The three critical bulletins, which fix seven different flaws in DirectX, the Windows Media Format runtime used in Windows Media Player and Internet Explorer, should be patched pronto, a pair of security experts said Tuesday. "These are the worst kind of client-side vulnerabilities that one could wish for," said Andrew Storms, director of security operations at nCircle Inc. "All three of them deal with rich multimedia content.
"Obviously, attackers have moved away from sending malware and toward drive-by attacks," Storms added.
Amol Sarwate, the manager of Qualys Inc.'s vulnerability lab, echoed Storms in both his choice of patches to administer first and his reasoning. "The three bulletins marked critical [include vulnerabilities that] are of the type we've seen attackers use to target common desktop users, rather than trying to attack servers."
Sarwate got a bit more specific, however, in pinpointing the single-most dangerous bug patched Tuesday: MS07-069, the bulletin that addresses four vulnerabilities in IE6 and IE7, should be deployed first, he advised, because one of those flaws is already being exploited in the wild. "The DHTML zero-day is extremely important to patch," said Sarwate.

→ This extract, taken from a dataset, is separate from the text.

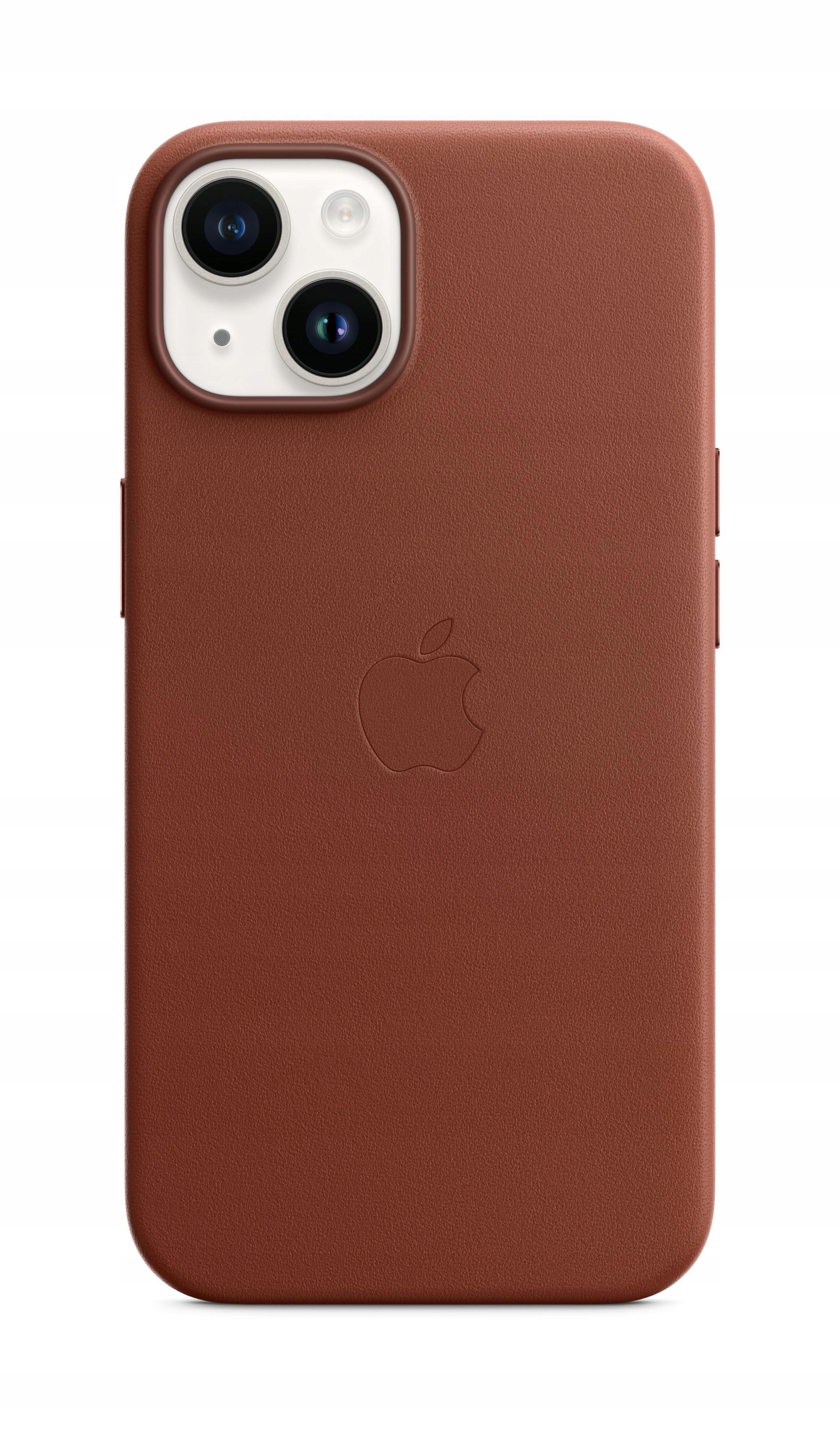 iPhone 14 Leather Case with MagSafe - Umber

The three critical updates -- MS07-064, MS07-068 and MS07-069 -- plug holes in DirectX, Windows Media Format runtime and IE6 and IE7, respectively. Six of the seven vulnerabilities covered by those updates were pegged as critical for Windows Vista, which Microsoft has touted as it most secure ever.
MS07-064 quashes a pair of bugs in the DirectX handles several streaming video file formats; hackers could exploit the vulnerabilities by duping users into viewing rigged streaming media, said Microsoft.
"This is significant, because many applications -- and Windows itself -- use DirectX to deliver rich content," said Storms, noting that ".wav files, .avi files, and SAMI [Synchronized Accessible Media Interchange] files are all very popular and are used by tons and tons of Web sites." Users are accustomed to opening such formats, he added, making it even likelier that an attack file would pass muster.
MS07-068, Storms said, is "an almost exact duplicate," since it also involves a file format parsing bug, he said. Windows Media Format runtime, part of Windows Media Player and a component used by other parts of Windows to display content, doesn't properly deal with Advanced Systems Format (.asf) files, Microsoft's proprietary streaming media file format.
The IE6/IE7 update, MS07-069, fixes four flaws, all critical for Windows 2000, XP and Vista but pegged as moderate for Windows Server 2003. Three of the quartet are memory corruption bugs in the browsers, while the fourth is in IE's rendering of pages that include Dynamic HTML code. According to Microsoft, exploits leveraging the DHTML bug have been spotted, making the vulnerability a "zero-day."